EXERCISE MATERIALS:
┌──
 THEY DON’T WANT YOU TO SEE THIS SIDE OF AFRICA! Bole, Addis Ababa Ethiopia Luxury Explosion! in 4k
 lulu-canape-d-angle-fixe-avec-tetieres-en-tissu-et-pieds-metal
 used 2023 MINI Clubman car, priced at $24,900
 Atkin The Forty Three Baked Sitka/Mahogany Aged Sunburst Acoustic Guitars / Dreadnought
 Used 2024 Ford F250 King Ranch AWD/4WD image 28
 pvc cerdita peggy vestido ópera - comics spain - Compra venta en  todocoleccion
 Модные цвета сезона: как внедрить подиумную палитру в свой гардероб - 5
└──
┌──
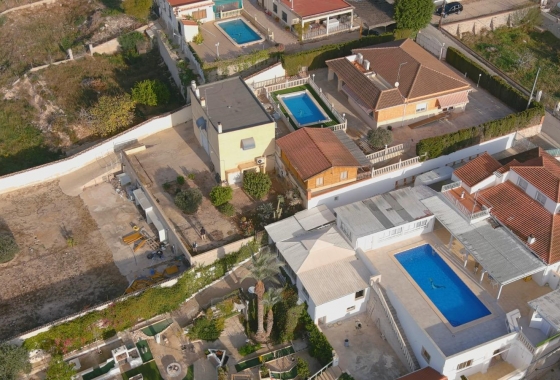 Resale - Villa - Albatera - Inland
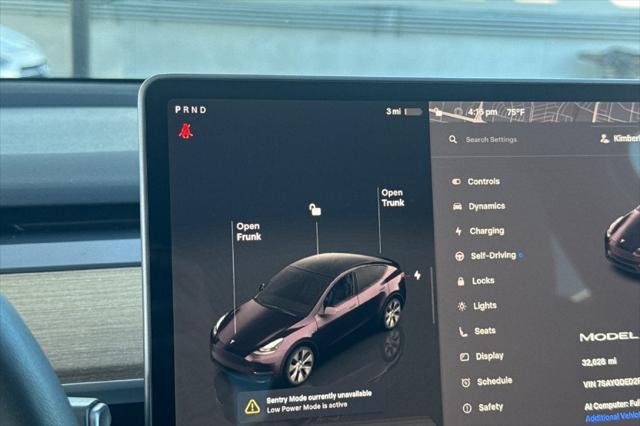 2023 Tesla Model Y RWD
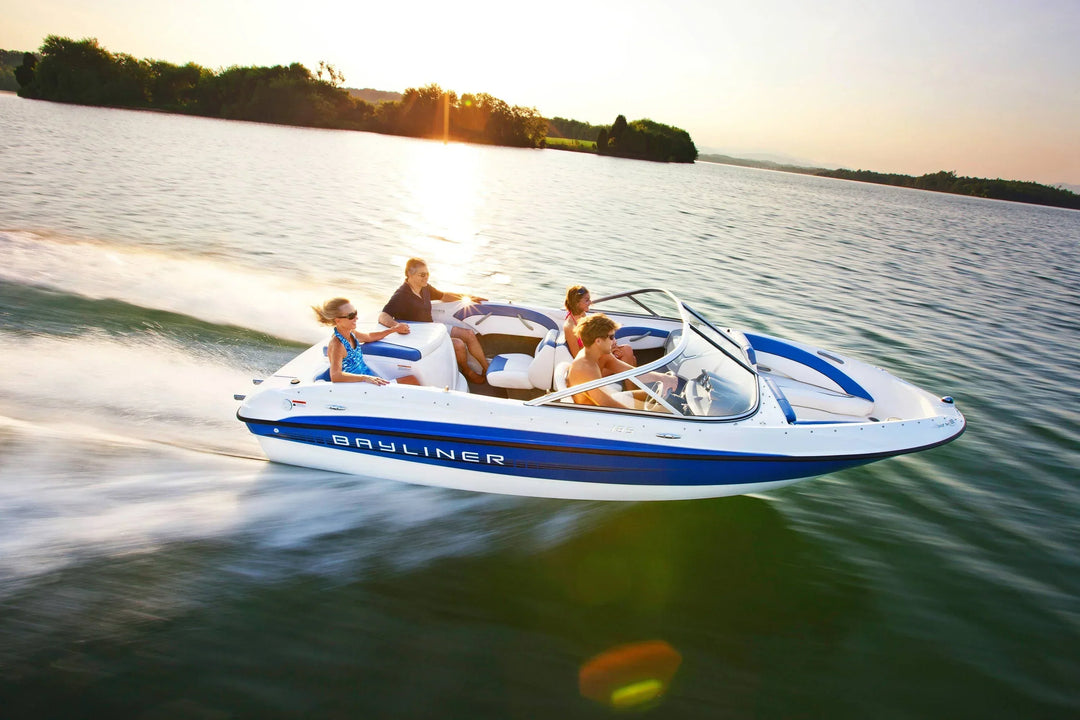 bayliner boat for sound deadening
└──
WORK REQUIRED: Above are the lines; repeat exactly the ones from the line containing "Atkin The Forty" down to the line containing "Модные цвета сезона: как", both inclusive.

TASK RESPONSE:
 Atkin The Forty Three Baked Sitka/Mahogany Aged Sunburst Acoustic Guitars / Dreadnought
 Used 2024 Ford F250 King Ranch AWD/4WD image 28
 pvc cerdita peggy vestido ópera - comics spain - Compra venta en  todocoleccion
 Модные цвета сезона: как внедрить подиумную палитру в свой гардероб - 5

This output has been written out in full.